I also tried calling into dead.net customer service and the line has been busy for over 1 hour now.
Is there anyone else that I can contact?
Thanks in advance for any help.
Finally got through to customer service and they have placed the request for my replacement discs.
I'll admit I don't think I've ever met a Viola Lee I didn't like, but this show has always been a favorite.
The box version is as good as I have ever heard it, even though it has circulated for years as "the Amazing Electric Wonders" shows.
Here's the show from the next night, which is still in the Vault.
Don't let the quality spoil you though, you won't get another mutlitrack until the 1989 Trip.
This is a great set, but the 1981 choice still puzzles me with that 30 minute AUD patch to finish the show. This, to me, was the first filler show for the box and they must be saving the complete 1981 stuff for another release.
Love that buildup/transition on Cornell '81. Augusta '84 ain't too shabby either.
I am just cracking into the first set of 1981. I am enjoying the 80's tremendously so far.
I have to say the best thing so far in the box was '67.. I agree, KYTrips, what a show and what a recording. It ranks right up there with Two From the Vault in all time, gooey raw goodness. I love the embryonic That's It For The Other One, but the whole thing smokes.
'68 and '69 delivered, but there's a rarity about a good 1970 show that gives me goosebumps when I hear a new one I have not listened to yet.
Yes.. the early shows were the highlights for me, but the whole thing is very well done.
Well, tearing into the second half of the box. What fun.
Right out of the gate this show smokes! It is readily apparent that this is a completely different animal than the 1966 Trip, and that this band has grown immeasurably in 16 months. Mickey is now in the fold, and the sound of the band is completely different. It's pretty rare for a show opener to be the best song of the show, but "Viola Lee Blues" is THAT good here. Jerry is on fire right from the start.

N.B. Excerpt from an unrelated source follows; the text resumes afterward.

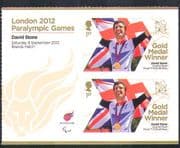 GB 2012 Paralympics/ Olympics/ Sports/ Cycling/ Gold Medal Winners/ David Stone 2v + lbl (n36330)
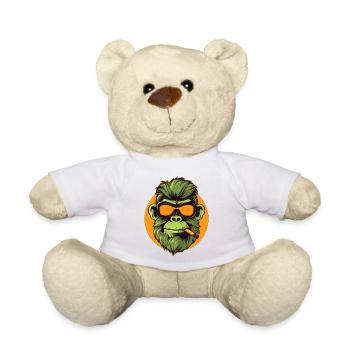 Cool Ape Smoking - Teddy - Weiß - Vorne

Without a doubt, the best VLB I've heard. "It Hurts Me Too" and "Beat It On Down The Line" are both solid, but nothing extraordinary. However, BIODTL does confirm that since the 1966 Trip, Bobby has learned to become a singer, rather than a shouter. "Morning Dew" is excellent, and one of the better early versions I've heard of it. I always preferred the later versions of "Morning Dew", after they'd slowed down it's tempo considerably, but this one definitely holds its own. The first CD closes with a solid performance of "Good Morning Little School Girl" with Pig in all his glory. The second disc is a jamming tour de force... starting with a really good "That's It For The Other One", including some lyrics that obviously were altered later on by the Dead. I've never been a big fan of "New Potato Caboose" but this version makes you appreciate the song for what it is... a great jamming vehicle. The show closes with a stellar version of "Alligator" and then a perpetual "Caution (Do Not Stop on Tracks)" which I didn't think would ever end (and I mean that in a good way). While I thought the 1966 show was really good for a band at the beginning of their career, this show is better by leaps and bounds in my humble opinion. If I were Robert Christgau of the Village Voice, I would rate this show an "A" with hints of an "A+".
...with your restraint! Taking it low and slow just like the 'ole crock pot. Good for you, giving them all their due. Mad respect.

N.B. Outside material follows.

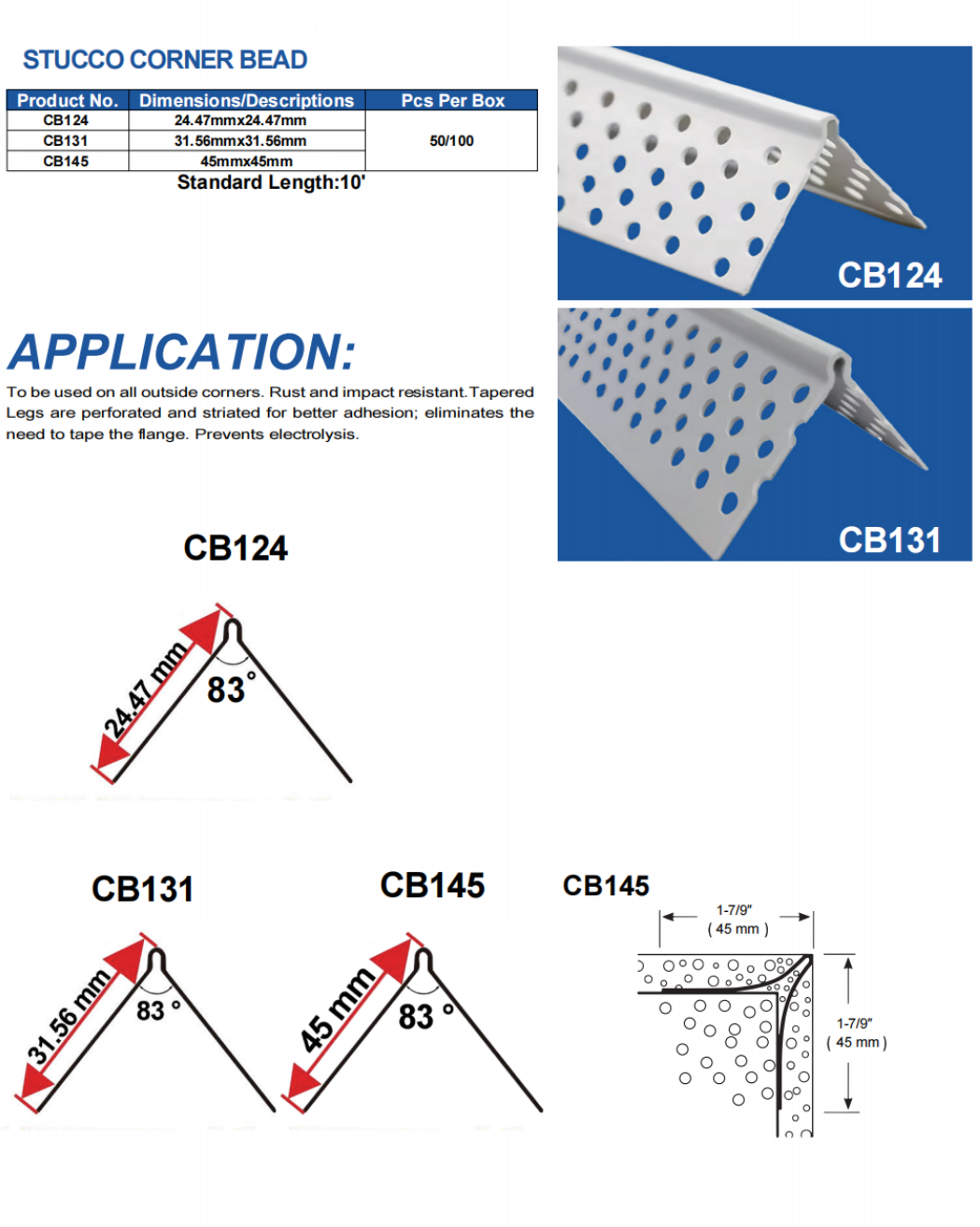 Function of stucco corner guard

That theory sounded excellent to me, and what did I do upon receipt? ....jumped straight to '72, '73, '91.
I share your AWE as well with the '67 Viola. Actually now that I think about it, THAT was the first song I put on when I got the box, as I knew it was one of the multi-track shows and just wanted a little taste. My jaw dropped, and I've been emitting a little drool out the side of my mouth ever since, every time at it's mention.